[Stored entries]
------------------------

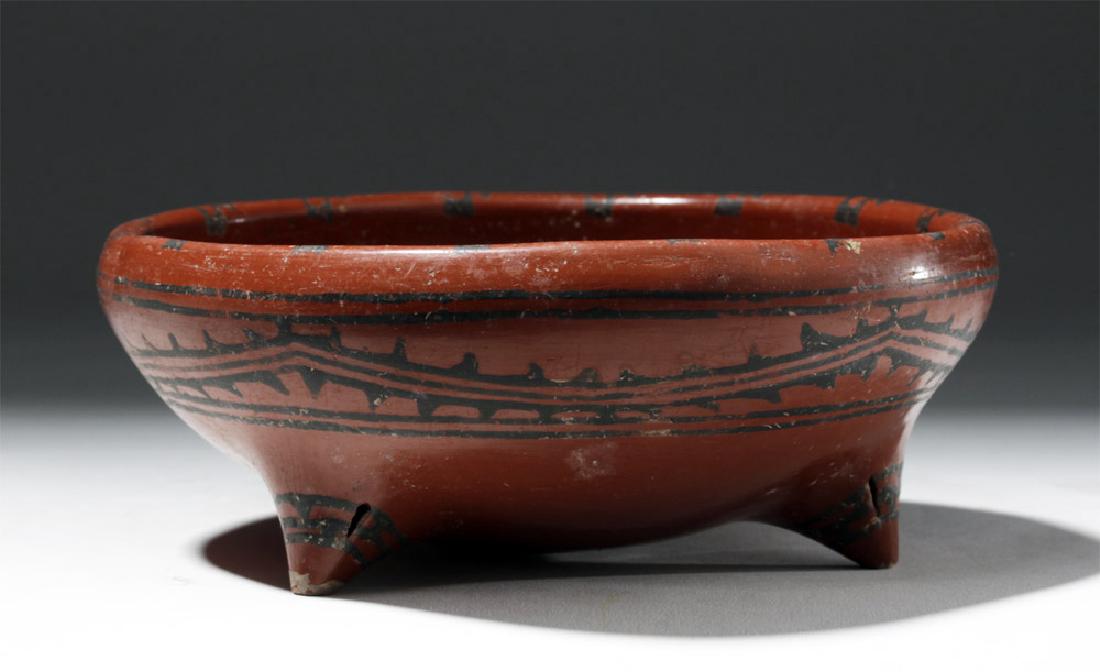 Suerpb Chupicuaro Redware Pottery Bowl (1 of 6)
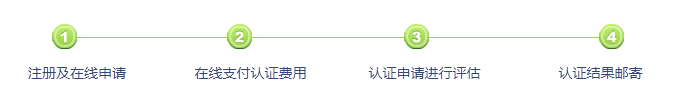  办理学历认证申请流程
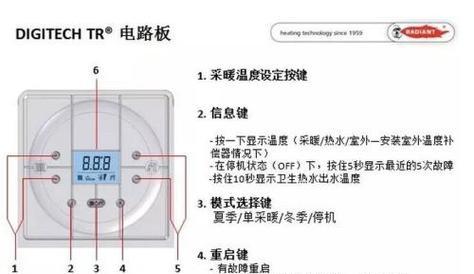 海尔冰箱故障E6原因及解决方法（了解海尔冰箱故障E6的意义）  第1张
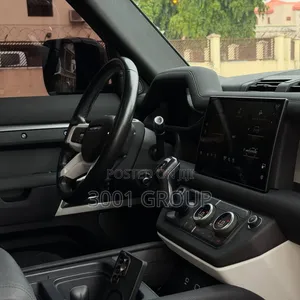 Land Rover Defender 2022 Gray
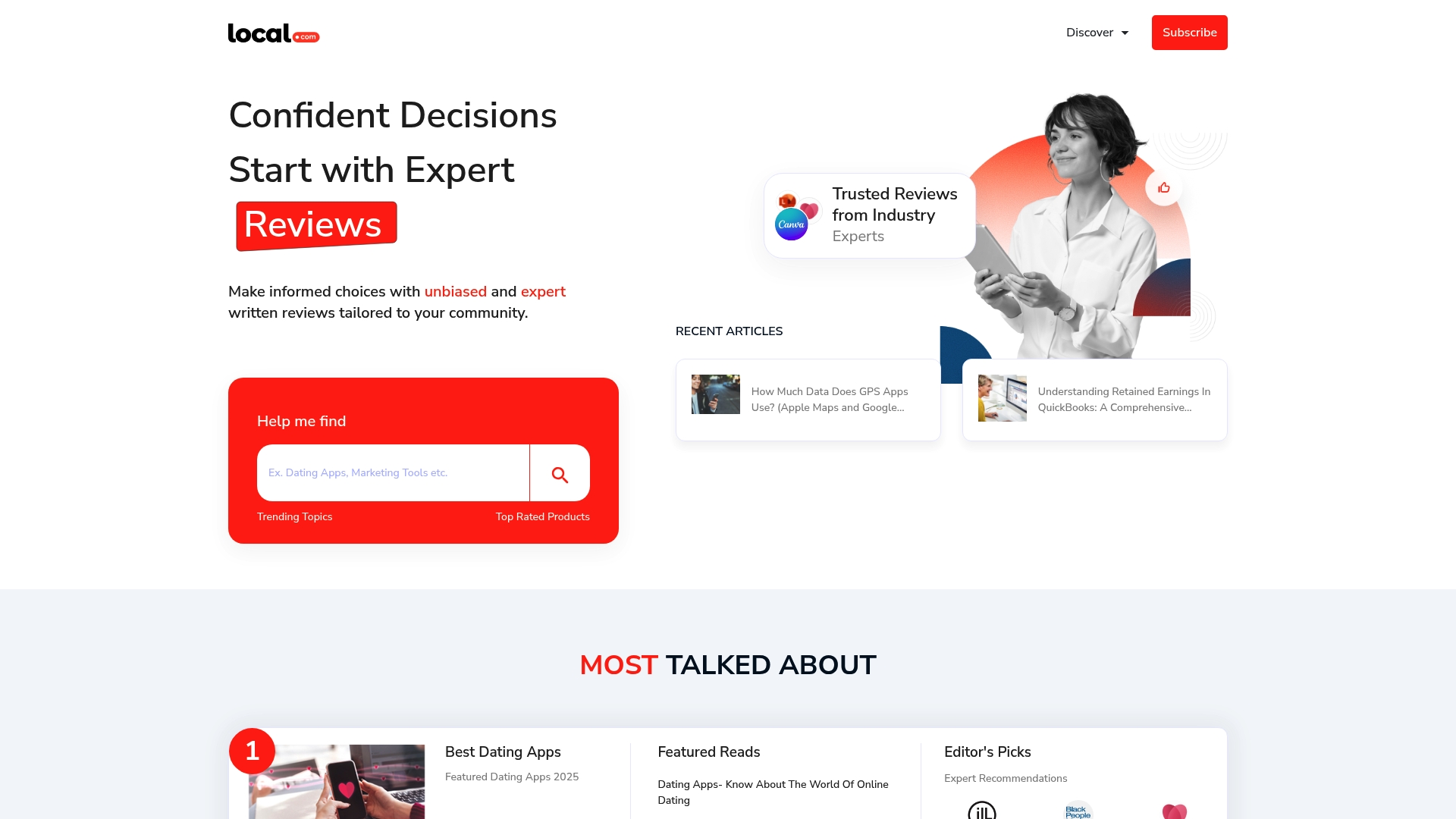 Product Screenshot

------------------------

* What you have to do *
Output every entry verbatim but skip the pictures.

* Exercise result *
 Suerpb Chupicuaro Redware Pottery Bowl (1 of 6)
  办理学历认证申请流程
 海尔冰箱故障E6原因及解决方法（了解海尔冰箱故障E6的意义）  第1张
 Land Rover Defender 2022 Gray
 Product Screenshot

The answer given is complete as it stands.